The Hindu features are most remarkably apparent in that Chinese, with a shaven head and long-tail; there that coal-black, wooly headed personage calls himself a Portuguese and yonder hair, flaxen-haired, blue eyed youth says he is a Malay. Again, that yellow skinned, oblique-eyed, flat-faced, snub-nosed gentleman says he is a Dutchman.


The climate of Malacca is a surprising one in creating such incongruities. In two generations an Englishman becomes a Negro, a Chinaman becomes a Chitty, Malay becomes a Brahmin, and a round lusty German changes into a dried-up leather-jawed Arab.


The languages are soon forgotten, and all merge into the universal Malay. Not to say that broken-Dutch-English-and-Portuguese are not used ; but these are enunciated in the Malay idiom, so that they are so disguised as not to be understood excepting by true-born Malacca men. But the most amiable part of the Malacca man has not been mentioned, this consists in his absence of religious prejudice.

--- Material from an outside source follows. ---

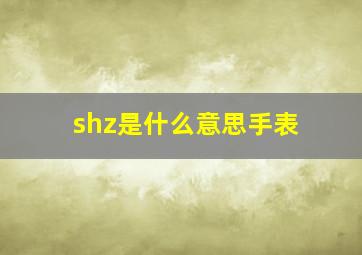 shz是什么意思手表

The Buddhist, Brahmin, Catholic, Protestant, and Mahomedan (Muslims), each assist at each other's festivals, and join with ardour in the ceremonies.


A cursory glance would convince the looker-on that indeed men were all of one mind here, and that the coming event was about to arrive. How could it be otherwise? Though Malacca has its representatives of all nations in the world, yet they are so mixed up with each other, that toleration on the broadest basis alone would secure the peace of society.